— How to complete this task —
Write the records out again without change. Leave the pictures behind.

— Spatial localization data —
"""

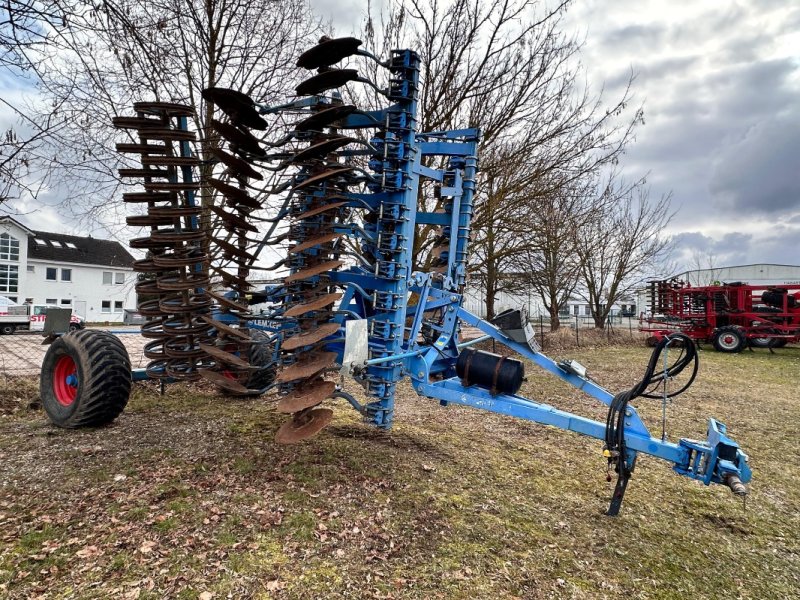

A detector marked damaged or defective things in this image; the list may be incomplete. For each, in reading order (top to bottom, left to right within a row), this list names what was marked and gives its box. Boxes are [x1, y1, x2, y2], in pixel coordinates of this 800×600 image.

rust-covered disc blade [298, 37, 364, 69]
rust-covered disc blade [296, 69, 360, 96]
rust-covered disc blade [294, 106, 356, 133]
rust-covered disc blade [209, 119, 266, 157]
rust-covered disc blade [211, 147, 264, 180]
rust-covered disc blade [286, 137, 352, 163]
rust-covered disc blade [206, 177, 260, 210]
rust-covered disc blade [292, 168, 354, 191]
rust-covered disc blade [292, 202, 346, 220]
rust-covered disc blade [290, 233, 342, 254]
rust-covered disc blade [282, 260, 342, 284]
rust-covered disc blade [284, 292, 340, 318]
rust-covered disc blade [282, 324, 340, 352]
rust-covered disc blade [195, 368, 248, 396]
rust-covered disc blade [199, 344, 250, 368]
rust-covered disc blade [276, 380, 336, 412]
rust-covered disc blade [276, 352, 338, 384]
rust-covered disc blade [276, 408, 334, 446]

"""

— Response area —
A detector marked damaged or defective things in this image; the list may be incomplete. For each, in reading order (top to bottom, left to right within a row), this list names what was marked and gives its box. Boxes are [x1, y1, x2, y2], in pixel coordinates of this 800×600 image.

rust-covered disc blade [298, 37, 364, 69]
rust-covered disc blade [296, 69, 360, 96]
rust-covered disc blade [294, 106, 356, 133]
rust-covered disc blade [209, 119, 266, 157]
rust-covered disc blade [211, 147, 264, 180]
rust-covered disc blade [286, 137, 352, 163]
rust-covered disc blade [206, 177, 260, 210]
rust-covered disc blade [292, 168, 354, 191]
rust-covered disc blade [292, 202, 346, 220]
rust-covered disc blade [290, 233, 342, 254]
rust-covered disc blade [282, 260, 342, 284]
rust-covered disc blade [284, 292, 340, 318]
rust-covered disc blade [282, 324, 340, 352]
rust-covered disc blade [195, 368, 248, 396]
rust-covered disc blade [199, 344, 250, 368]
rust-covered disc blade [276, 380, 336, 412]
rust-covered disc blade [276, 352, 338, 384]
rust-covered disc blade [276, 408, 334, 446]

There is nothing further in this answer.